AIM OF THE EXERCISE =>
Nothing but the lines from the one containing "Tapatío Ramen Noodle" through the last line of the data below should be returned, each exactly as it stands, pictures excluded.

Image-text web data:
*** Begin section ***
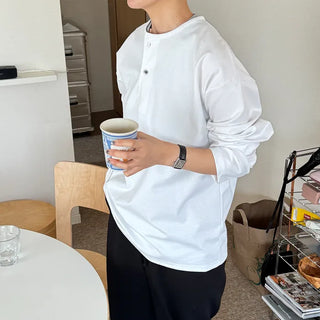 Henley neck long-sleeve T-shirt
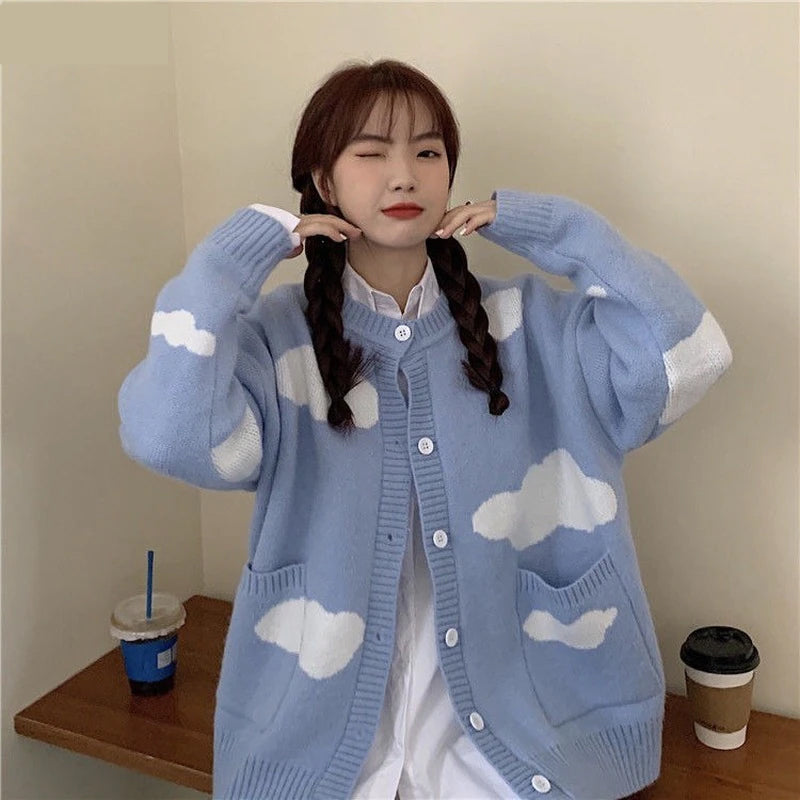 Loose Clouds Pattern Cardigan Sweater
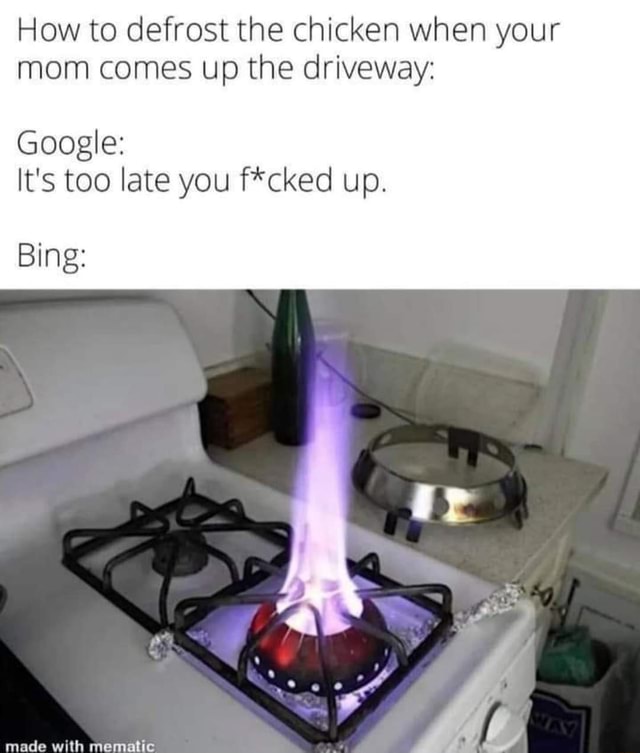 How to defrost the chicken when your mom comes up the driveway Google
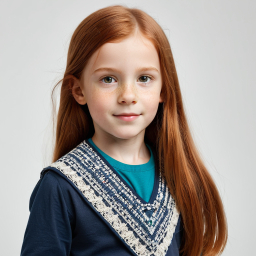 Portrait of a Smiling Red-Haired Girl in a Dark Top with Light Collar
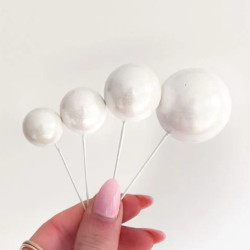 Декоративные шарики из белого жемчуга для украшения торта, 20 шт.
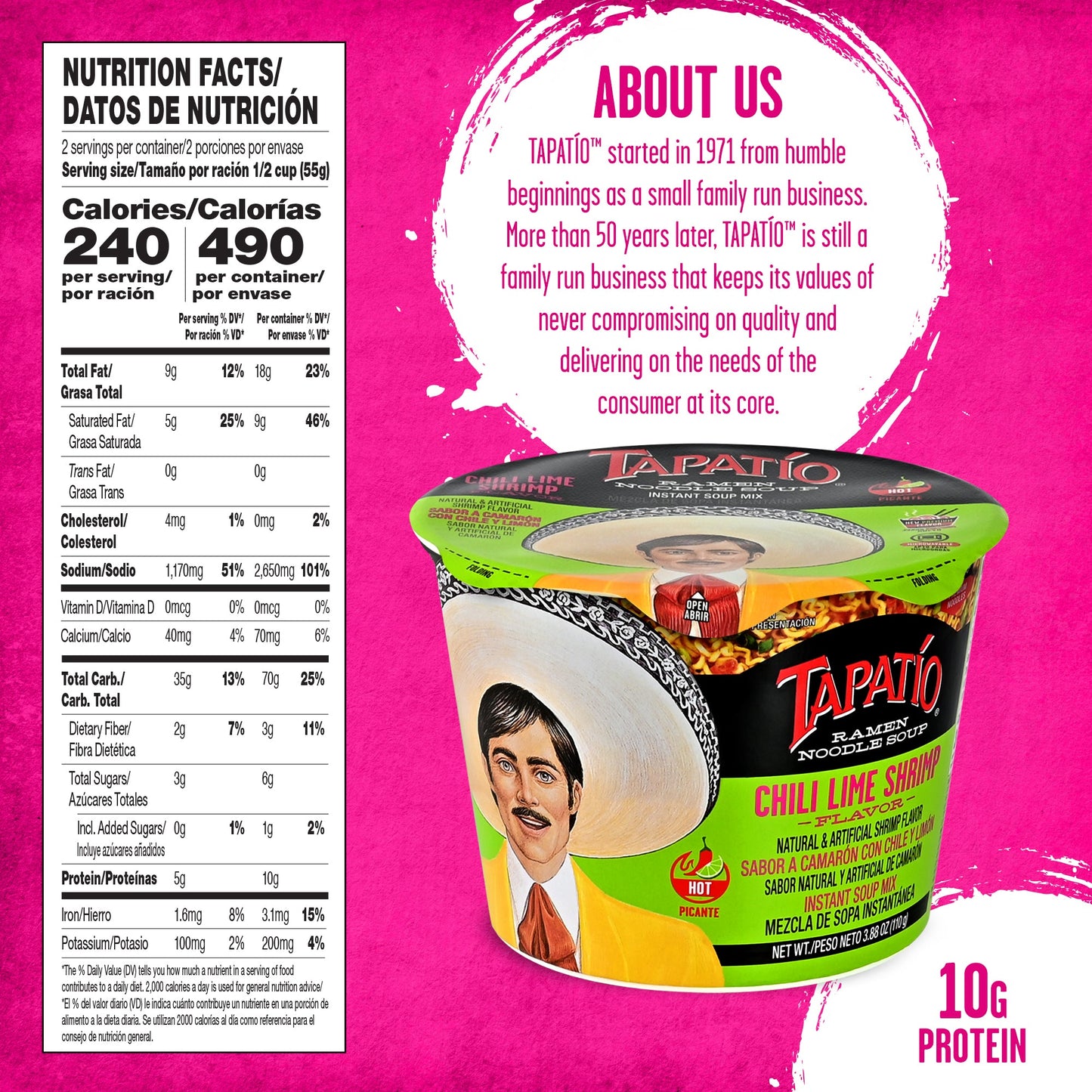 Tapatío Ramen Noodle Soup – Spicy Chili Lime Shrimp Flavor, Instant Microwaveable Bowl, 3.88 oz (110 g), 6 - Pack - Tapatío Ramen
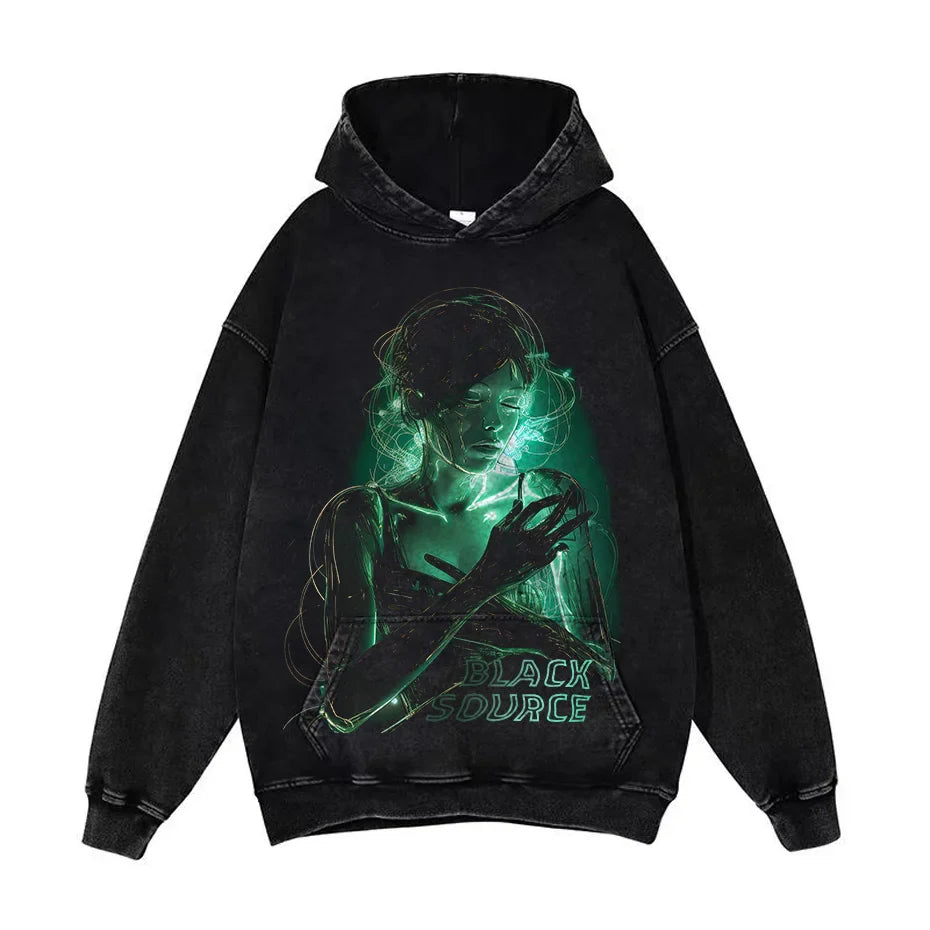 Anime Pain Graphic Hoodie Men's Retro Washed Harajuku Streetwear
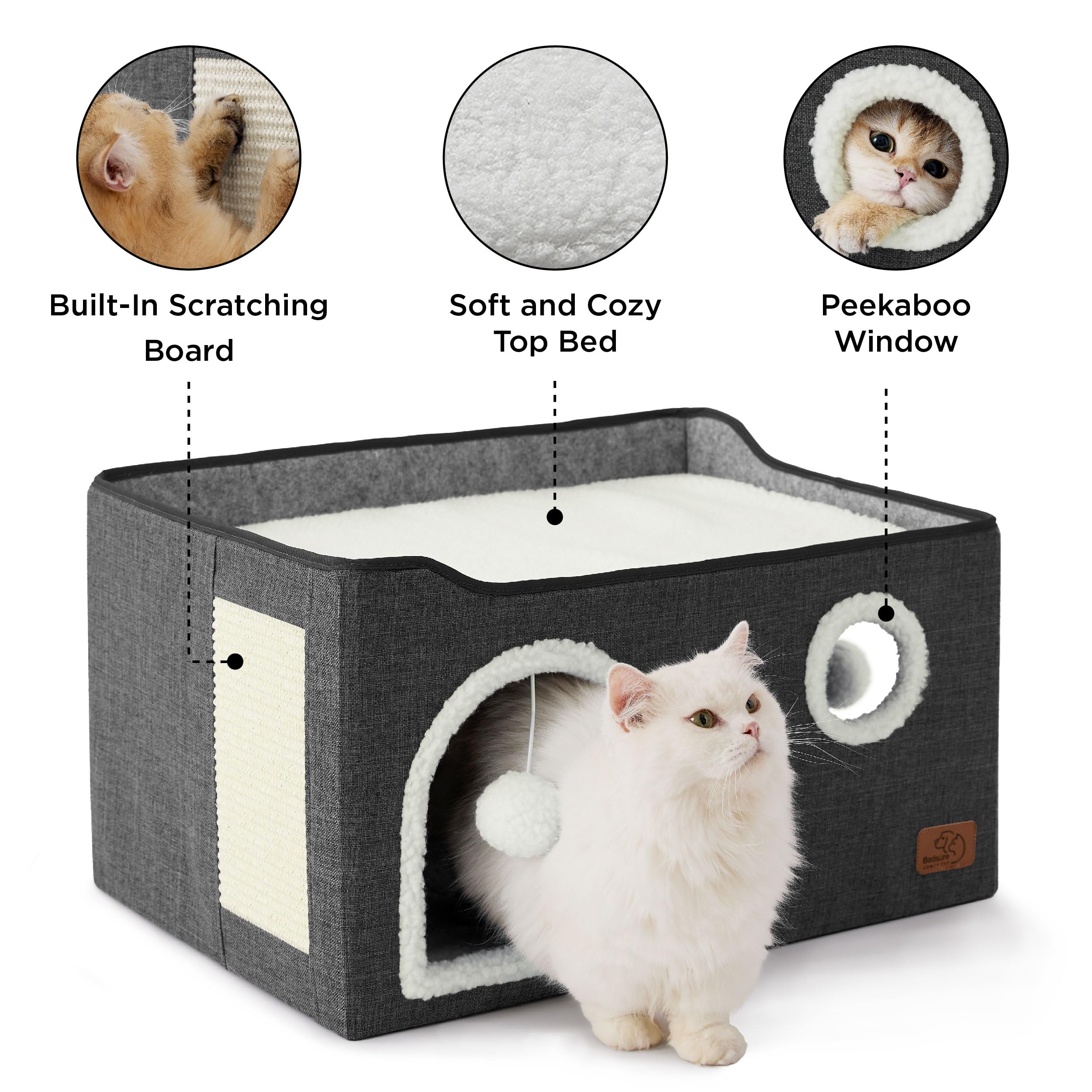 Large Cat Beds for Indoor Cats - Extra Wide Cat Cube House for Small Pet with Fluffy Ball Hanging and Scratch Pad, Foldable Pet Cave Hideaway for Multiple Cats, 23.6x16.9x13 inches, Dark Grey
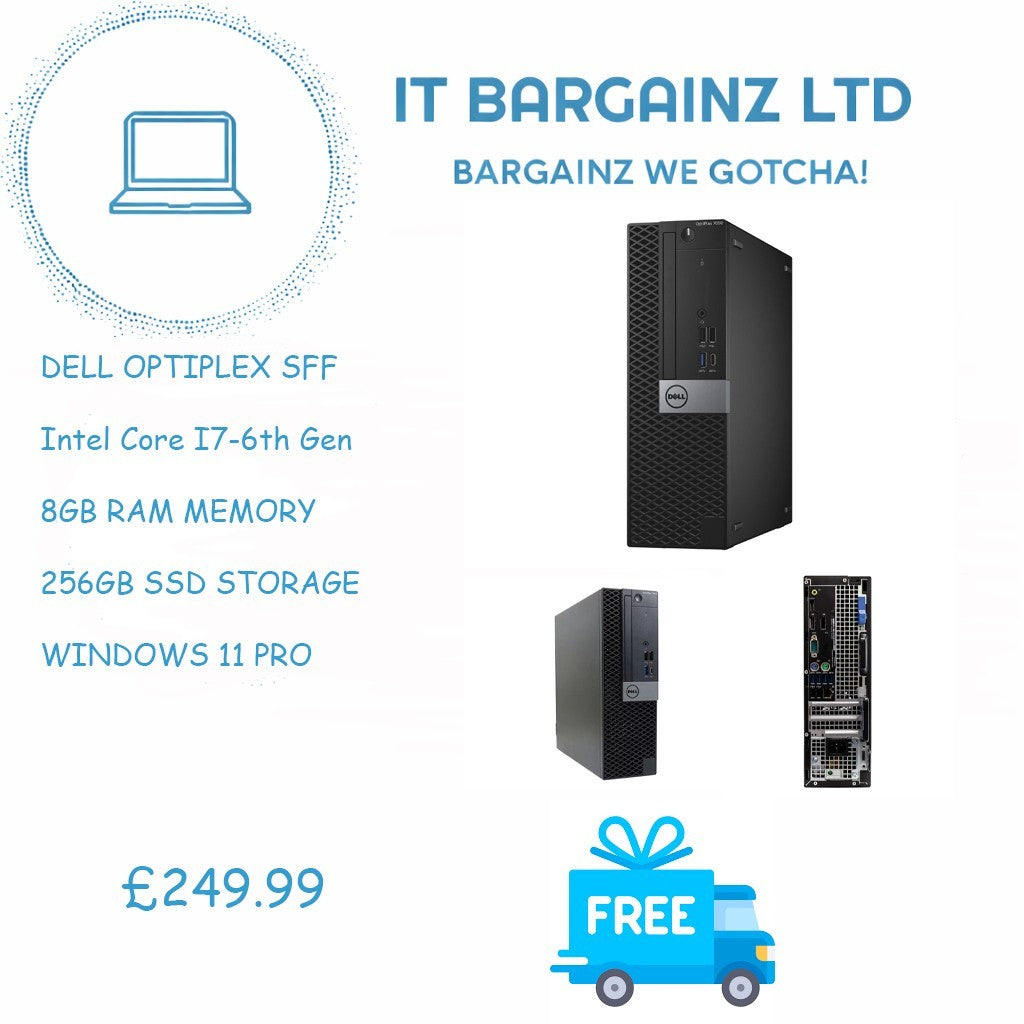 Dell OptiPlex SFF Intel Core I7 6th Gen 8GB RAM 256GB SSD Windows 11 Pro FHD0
*** End section ***
ANSWER TO THE PROBLEM =>
 Tapatío Ramen Noodle Soup – Spicy Chili Lime Shrimp Flavor, Instant Microwaveable Bowl, 3.88 oz (110 g), 6 - Pack - Tapatío Ramen
 Anime Pain Graphic Hoodie Men's Retro Washed Harajuku Streetwear
 Large Cat Beds for Indoor Cats - Extra Wide Cat Cube House for Small Pet with Fluffy Ball Hanging and Scratch Pad, Foldable Pet Cave Hideaway for Multiple Cats, 23.6x16.9x13 inches, Dark Grey
 Dell OptiPlex SFF Intel Core I7 6th Gen 8GB RAM 256GB SSD Windows 11 Pro FHD0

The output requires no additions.